Did it work in other devices? Or not at all?




> I have tried but never got it to connect to my router. Some others have reported that it works, it might just be the brand of router I have.

----------


## rforeman

I have it working and it is great. Here is a link on how to do it.
http://www.extrud3d.com/flashair

And this is the sdcard I am using
http://www.amazon.com/gp/product/B00...?ie=UTF8&psc=1

----------


## Mjolinor

http://microfabricator.com/blogs/vie...our-3d-printer

If you look at the comments on that link you will see how to set a static IP properly rather than through the router mac assignment.

----------


## robosmith

Thanks. Based on your recommendation, I ordered one of those 8GB here: http://www.bhphotovideo.com/bnh/cont...=REG&A=details




> I have it working and it is great. Here is a link on how to do it.
> http://www.extrud3d.com/flashair
> 
> And this is the sdcard I am using
> http://www.amazon.com/gp/product/B00...?ie=UTF8&psc=1

----------


## rforeman

> Thanks. Based on your recommendation, I ordered one of those 8GB here: http://www.bhphotovideo.com/bnh/cont...=REG&A=details


Your welcome. The only problem is that the 8GB one may only let you name the file with 8.3 character format(old dos file naming) the 16GB one does not have that limit and the 16 GB is faster(class 10). The 8GB is slower(class 6) so upload will be slower. The one you ordered will work just beware of the file name limitations.

----------


## Mjolinor

Class 6 or class 10 makes no difference, they both work fine. 8Gb is available in both speeds.

I have several of each and no problem.

----------


## curious aardvark

I've got one. Tried it  and it does work - sort of. 
But the card software didn't let me upload files to the card just download. Not much use. 
Also it auto shut off after a perid of time. Also not that useful. 
But I could connect to it and it did work in the sd slot. 

Given that my main printer is 12 inches from the card reader and the other is connected via usb as well. 
I don't actually need it.

Might try it again when I move one of the machines into the house for a couple weeks next month.

Although given that I'll still need to be by the machine for the first layer. What's the point lol 
might just as well write to card and take card with me. 

I can see it being useful if you have a number of machines. 

I think it's a toshiba card I've got. 
I might have another go.

----------


## rforeman

> I've got one.

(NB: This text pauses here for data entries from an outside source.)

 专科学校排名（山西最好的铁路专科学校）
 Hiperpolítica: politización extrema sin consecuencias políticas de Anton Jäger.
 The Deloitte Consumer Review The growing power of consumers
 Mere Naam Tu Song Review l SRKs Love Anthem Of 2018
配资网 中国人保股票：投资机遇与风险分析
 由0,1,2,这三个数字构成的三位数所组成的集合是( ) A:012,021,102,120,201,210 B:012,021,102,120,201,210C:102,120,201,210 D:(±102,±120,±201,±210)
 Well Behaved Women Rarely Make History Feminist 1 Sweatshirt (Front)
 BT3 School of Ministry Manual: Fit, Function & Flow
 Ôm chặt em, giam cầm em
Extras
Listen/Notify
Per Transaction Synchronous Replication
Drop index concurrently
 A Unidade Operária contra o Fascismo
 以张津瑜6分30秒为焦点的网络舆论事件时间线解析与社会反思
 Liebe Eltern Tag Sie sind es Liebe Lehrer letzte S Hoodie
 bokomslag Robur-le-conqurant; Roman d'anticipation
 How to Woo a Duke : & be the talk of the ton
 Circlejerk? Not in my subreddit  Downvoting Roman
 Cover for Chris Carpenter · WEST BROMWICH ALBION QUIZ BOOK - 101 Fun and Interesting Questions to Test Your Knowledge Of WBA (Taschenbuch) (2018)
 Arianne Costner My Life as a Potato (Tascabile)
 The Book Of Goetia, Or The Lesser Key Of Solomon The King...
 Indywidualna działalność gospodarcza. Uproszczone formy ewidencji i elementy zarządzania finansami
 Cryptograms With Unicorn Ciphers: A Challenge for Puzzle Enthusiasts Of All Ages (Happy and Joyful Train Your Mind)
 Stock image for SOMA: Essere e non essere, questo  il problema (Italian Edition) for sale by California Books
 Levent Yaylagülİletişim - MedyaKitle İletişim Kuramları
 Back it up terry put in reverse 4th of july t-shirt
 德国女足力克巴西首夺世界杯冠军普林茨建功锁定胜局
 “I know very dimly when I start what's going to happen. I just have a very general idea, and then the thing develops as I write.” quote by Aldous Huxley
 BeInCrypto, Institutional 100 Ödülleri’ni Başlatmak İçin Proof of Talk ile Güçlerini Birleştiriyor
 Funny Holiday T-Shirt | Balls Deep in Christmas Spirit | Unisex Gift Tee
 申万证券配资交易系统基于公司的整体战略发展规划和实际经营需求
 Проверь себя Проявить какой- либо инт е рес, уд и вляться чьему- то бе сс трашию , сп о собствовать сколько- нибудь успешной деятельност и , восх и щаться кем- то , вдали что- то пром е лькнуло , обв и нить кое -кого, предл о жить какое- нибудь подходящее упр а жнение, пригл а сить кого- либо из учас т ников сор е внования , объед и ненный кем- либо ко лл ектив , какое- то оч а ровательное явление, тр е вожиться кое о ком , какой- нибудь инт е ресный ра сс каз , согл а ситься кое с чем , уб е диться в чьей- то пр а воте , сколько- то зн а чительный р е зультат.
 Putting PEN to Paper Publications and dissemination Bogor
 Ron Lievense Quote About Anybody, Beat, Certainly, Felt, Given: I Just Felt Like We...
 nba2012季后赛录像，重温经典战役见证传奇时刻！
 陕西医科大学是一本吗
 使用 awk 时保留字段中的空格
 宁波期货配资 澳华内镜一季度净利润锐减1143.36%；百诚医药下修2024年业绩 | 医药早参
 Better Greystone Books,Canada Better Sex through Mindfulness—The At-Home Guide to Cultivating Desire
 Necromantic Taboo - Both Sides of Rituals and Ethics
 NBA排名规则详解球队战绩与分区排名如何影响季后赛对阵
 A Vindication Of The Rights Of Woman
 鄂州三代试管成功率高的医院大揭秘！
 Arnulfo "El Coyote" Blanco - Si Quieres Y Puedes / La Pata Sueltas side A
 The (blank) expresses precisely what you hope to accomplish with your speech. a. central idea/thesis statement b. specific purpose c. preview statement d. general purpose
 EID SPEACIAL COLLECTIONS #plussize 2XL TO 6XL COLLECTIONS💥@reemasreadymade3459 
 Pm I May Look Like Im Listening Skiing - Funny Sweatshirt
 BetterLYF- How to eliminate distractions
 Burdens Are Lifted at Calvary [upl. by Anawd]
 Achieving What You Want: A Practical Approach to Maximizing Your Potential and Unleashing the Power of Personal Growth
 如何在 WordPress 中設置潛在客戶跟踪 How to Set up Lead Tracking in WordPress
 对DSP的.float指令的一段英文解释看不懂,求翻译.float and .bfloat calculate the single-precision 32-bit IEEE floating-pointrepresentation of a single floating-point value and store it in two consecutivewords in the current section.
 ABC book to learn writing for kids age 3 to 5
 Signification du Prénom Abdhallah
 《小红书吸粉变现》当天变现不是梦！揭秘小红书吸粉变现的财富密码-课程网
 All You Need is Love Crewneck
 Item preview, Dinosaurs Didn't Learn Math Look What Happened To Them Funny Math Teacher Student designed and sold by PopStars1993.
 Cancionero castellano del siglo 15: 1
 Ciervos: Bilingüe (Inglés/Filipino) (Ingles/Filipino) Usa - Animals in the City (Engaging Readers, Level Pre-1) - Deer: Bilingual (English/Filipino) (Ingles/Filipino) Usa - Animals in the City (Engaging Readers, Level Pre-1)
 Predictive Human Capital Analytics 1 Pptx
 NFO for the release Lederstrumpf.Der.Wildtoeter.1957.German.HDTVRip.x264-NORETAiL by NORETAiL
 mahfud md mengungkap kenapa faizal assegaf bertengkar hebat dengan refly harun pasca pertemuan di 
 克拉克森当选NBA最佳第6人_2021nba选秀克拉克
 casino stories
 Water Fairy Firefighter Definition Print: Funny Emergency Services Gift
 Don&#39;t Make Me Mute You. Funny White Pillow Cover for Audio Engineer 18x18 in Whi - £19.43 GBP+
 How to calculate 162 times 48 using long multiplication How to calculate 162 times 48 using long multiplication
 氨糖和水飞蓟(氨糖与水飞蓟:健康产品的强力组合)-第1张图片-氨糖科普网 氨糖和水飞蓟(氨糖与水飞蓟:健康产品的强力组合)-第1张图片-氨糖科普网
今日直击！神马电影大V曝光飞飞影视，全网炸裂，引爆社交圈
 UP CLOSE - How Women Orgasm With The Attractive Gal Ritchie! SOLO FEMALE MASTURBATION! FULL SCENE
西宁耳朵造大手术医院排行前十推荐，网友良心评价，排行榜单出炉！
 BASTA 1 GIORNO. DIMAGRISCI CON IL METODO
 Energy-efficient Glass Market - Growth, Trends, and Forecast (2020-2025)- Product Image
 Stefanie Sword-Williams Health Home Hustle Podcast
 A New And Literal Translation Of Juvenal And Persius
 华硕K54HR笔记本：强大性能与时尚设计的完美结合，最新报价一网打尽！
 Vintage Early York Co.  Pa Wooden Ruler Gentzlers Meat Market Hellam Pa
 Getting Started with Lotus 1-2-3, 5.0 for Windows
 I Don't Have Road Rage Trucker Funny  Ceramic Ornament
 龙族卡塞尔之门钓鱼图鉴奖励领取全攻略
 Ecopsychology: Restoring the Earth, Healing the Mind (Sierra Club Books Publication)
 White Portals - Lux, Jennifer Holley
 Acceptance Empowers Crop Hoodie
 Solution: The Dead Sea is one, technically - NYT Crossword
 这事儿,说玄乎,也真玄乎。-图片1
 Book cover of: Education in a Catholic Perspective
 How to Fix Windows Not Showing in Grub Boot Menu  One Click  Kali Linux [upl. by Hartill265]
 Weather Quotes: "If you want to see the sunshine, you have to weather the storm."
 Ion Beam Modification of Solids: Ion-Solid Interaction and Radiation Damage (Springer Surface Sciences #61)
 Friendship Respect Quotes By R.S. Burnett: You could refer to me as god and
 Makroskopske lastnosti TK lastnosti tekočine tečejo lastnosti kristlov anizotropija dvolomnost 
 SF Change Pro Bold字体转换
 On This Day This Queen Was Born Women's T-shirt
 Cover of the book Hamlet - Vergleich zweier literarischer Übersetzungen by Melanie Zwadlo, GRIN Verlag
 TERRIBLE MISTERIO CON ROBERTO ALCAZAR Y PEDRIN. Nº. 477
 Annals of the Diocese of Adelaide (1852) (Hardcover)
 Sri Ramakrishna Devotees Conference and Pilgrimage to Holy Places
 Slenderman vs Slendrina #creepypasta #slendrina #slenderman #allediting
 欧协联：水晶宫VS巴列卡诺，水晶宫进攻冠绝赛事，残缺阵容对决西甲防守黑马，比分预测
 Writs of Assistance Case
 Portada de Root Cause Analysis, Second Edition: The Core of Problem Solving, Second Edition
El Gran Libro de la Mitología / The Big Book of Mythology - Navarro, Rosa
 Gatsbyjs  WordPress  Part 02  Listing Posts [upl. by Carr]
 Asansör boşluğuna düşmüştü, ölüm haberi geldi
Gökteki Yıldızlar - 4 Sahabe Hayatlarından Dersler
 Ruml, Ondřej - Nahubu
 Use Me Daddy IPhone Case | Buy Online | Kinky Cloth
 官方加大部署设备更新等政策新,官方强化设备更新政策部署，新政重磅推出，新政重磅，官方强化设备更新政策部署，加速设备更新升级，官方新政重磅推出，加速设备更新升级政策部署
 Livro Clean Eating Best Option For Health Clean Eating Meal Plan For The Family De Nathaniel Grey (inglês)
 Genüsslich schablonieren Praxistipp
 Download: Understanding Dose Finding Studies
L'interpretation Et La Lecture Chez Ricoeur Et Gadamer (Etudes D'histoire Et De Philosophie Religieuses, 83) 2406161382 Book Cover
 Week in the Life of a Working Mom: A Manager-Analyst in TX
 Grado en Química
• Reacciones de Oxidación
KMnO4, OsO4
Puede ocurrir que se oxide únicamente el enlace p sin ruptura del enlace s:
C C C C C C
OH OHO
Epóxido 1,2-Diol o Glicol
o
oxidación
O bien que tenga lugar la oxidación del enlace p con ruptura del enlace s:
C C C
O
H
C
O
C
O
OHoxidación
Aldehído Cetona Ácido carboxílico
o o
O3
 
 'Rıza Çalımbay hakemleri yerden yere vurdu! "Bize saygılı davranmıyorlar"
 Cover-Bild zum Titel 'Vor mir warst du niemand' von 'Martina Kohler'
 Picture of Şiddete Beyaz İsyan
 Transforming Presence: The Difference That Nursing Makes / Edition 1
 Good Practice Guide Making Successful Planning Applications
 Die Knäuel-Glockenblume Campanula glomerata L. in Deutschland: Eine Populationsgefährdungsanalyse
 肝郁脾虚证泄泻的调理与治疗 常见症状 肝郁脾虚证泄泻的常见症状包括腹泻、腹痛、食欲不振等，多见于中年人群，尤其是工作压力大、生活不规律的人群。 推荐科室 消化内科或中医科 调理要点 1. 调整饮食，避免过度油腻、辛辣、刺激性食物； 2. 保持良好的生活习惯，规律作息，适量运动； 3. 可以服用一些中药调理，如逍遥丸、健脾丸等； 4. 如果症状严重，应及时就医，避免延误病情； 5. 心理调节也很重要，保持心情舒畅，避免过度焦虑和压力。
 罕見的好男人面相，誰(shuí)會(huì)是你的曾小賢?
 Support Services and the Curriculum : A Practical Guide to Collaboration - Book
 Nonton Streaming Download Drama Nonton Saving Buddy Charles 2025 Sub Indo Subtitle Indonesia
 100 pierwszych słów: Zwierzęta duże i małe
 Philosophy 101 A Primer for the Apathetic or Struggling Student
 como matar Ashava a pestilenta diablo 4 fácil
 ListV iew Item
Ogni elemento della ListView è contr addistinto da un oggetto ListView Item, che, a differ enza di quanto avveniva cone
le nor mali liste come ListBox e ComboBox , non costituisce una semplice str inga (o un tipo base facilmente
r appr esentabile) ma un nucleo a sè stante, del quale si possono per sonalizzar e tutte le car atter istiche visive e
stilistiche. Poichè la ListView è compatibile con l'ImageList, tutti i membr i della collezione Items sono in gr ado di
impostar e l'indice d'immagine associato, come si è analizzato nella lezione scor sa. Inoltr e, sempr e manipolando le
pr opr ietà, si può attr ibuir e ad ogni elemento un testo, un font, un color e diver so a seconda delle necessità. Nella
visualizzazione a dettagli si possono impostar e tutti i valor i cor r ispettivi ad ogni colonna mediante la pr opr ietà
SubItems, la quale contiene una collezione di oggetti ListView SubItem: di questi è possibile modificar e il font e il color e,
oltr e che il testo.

Tried it  and it does work - sort of. 
> But the card software didn't let me upload files to the card just download. Not much use. 
> Also it auto shut off after a perid of time. Also not that useful. 
> But I could connect to it and it did work in the sd slot. 
> 
> Given that my main printer is 12 inches from the card reader and the other is connected via usb as well. 
> I don't actually need it.
> 
> Might try it again when I move one of the machines into the house for a couple weeks next month.
> ...


Were you using the 8GB card? If so it may not have been uploading due to the 8.3 character limit.

----------


## Mjolinor

You need to read the link I posted and install the new HTML file. As it comes, deleting files is not done from the web interface directly, you have to stick a specific URL in with the file name in, a real ball ache. If you stick the HTML on that I have linked to then you can delete files from the main GUI and you can drag and drop to upload.

The 8 Gb is not limited to 8:3 format in the file name. That limit is imposed by the file system not the size of the card. What limits it is the web interface for some reason.

----------


## DamonInPHX

What worked for me:

Downloaded the config app (FlashAirTool) from Toshiba's website.

Clicked "Network Settings", entered the following:
FlashAir SSID: MyNetworkSSID
FlashAir Password: MyNetworkPassword
Redirecting Function: ON
Enable "internet passthrough mode": Checked
Access Point SSID: MyNetworkSSID
Access Point Password: MyNetworkPassWord

<Apply>

Pull card, install in FlashForge

Check my router config, got IP address of 192.168.1.22.  Obviously, your IP will differ (unless you also have 21 other devices on your network).

Hit that IP, saw the default folder listing (DCIM, MISC). SD_WLAN is hidden, so it didn't show, not that I cared.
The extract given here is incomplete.